Your objective:
Pick the lines holding the string "Grey" out of the records and copy them.

Available records:
▶

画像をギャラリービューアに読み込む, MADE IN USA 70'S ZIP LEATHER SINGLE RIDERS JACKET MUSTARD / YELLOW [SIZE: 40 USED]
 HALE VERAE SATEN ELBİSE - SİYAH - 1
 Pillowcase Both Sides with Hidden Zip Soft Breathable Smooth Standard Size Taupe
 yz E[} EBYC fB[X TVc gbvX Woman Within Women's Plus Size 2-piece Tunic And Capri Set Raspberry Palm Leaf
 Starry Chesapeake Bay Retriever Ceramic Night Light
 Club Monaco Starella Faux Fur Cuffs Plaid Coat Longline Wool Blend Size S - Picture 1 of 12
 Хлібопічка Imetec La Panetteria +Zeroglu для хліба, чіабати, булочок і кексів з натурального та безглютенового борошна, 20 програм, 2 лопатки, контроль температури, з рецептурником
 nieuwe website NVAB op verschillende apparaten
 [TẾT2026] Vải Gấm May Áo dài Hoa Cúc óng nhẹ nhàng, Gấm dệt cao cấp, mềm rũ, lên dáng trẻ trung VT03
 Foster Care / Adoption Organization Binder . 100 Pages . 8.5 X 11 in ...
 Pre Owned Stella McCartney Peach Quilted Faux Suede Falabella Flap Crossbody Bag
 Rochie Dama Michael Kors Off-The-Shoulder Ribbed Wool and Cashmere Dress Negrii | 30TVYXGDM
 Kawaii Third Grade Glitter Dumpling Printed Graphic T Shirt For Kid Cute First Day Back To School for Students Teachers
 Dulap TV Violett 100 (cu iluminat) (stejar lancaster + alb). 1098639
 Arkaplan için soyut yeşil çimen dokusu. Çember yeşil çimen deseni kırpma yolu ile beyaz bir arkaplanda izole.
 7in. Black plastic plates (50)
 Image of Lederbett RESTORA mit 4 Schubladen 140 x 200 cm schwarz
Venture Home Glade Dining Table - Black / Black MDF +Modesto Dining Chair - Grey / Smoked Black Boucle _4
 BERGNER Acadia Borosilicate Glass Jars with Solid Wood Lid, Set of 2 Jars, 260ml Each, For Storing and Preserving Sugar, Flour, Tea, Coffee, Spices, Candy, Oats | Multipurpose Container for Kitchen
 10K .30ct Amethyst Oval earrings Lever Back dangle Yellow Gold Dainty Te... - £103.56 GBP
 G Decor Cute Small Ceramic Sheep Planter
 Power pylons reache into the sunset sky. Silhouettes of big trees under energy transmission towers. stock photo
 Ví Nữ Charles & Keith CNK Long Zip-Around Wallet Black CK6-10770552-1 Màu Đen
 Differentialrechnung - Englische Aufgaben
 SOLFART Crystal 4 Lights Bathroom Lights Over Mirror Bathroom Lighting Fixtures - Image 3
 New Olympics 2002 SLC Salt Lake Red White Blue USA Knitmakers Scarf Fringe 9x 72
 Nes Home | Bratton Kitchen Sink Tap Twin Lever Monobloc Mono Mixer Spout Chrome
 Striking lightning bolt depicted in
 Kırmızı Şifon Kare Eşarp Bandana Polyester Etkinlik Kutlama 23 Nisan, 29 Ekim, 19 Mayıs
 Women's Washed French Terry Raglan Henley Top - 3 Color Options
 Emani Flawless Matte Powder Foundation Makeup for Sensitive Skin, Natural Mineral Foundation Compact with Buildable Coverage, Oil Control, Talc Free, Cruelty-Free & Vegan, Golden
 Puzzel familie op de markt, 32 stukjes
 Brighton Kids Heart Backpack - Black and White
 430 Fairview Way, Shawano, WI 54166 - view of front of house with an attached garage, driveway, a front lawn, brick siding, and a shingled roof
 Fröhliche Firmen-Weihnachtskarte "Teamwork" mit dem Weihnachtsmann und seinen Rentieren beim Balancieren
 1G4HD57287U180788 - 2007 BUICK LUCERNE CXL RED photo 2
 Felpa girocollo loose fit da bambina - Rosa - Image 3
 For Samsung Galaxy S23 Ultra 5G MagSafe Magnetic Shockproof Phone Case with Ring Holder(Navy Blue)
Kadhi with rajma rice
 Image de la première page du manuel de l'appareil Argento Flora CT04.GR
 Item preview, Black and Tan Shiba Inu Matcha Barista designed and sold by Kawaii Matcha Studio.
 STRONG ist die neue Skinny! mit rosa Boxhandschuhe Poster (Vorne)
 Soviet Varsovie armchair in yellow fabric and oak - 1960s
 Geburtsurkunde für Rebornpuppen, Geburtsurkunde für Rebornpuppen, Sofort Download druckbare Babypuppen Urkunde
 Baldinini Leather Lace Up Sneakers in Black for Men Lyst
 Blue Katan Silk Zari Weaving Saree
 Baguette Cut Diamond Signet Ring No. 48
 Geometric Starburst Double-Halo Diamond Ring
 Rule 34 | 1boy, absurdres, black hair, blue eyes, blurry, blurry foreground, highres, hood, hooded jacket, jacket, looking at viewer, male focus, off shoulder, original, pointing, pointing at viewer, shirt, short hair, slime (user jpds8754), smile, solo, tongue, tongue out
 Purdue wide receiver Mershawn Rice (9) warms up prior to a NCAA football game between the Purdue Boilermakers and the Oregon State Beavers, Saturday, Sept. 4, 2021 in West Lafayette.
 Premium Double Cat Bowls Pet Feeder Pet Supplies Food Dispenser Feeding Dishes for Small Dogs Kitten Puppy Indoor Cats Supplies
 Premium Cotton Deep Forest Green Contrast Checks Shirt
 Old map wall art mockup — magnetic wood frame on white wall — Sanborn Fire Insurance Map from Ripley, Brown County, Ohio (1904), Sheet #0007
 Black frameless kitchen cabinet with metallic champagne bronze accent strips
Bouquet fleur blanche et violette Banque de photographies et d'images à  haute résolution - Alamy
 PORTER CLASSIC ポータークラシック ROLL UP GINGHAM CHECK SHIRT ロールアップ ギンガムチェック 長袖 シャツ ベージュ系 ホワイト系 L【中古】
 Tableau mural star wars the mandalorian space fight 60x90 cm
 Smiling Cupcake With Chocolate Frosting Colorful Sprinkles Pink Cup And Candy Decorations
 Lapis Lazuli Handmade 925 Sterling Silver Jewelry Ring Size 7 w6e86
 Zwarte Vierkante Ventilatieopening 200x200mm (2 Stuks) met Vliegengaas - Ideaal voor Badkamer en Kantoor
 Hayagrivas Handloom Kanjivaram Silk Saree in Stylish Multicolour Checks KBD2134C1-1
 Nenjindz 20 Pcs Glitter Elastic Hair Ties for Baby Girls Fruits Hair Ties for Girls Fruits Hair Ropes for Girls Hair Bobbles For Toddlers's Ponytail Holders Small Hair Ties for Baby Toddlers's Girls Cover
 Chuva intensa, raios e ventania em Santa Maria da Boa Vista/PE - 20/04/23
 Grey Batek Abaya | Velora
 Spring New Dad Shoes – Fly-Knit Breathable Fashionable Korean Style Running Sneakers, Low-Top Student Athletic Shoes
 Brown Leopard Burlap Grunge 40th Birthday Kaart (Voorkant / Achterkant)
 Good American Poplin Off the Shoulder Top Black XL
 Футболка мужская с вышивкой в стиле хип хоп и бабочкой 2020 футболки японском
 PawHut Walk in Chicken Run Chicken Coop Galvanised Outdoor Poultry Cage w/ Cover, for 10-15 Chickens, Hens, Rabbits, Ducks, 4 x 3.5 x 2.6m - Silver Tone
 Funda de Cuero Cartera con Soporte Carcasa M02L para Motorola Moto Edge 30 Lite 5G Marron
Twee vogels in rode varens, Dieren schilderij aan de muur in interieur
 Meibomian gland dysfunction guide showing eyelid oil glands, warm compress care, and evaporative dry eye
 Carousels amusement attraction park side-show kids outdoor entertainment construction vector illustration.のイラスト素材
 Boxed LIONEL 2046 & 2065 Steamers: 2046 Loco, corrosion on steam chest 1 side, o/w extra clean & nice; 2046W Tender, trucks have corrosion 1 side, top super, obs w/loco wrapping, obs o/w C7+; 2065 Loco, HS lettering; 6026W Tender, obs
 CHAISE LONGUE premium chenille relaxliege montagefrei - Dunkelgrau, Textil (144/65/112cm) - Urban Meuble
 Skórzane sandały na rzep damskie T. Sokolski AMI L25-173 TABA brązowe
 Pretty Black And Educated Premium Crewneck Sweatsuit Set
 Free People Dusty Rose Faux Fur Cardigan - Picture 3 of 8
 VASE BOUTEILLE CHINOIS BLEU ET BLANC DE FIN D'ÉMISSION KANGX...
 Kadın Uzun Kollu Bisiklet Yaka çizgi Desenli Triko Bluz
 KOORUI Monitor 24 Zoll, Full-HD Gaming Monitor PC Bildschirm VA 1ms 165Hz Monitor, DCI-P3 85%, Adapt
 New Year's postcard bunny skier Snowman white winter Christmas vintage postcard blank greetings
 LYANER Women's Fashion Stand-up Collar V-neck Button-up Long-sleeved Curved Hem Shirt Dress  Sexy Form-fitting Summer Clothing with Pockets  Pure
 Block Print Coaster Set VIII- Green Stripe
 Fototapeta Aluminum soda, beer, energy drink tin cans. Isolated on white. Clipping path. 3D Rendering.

◀

Task solution:
Venture Home Glade Dining Table - Black / Black MDF +Modesto Dining Chair - Grey / Smoked Black Boucle _4
 Grey Batek Abaya | Velora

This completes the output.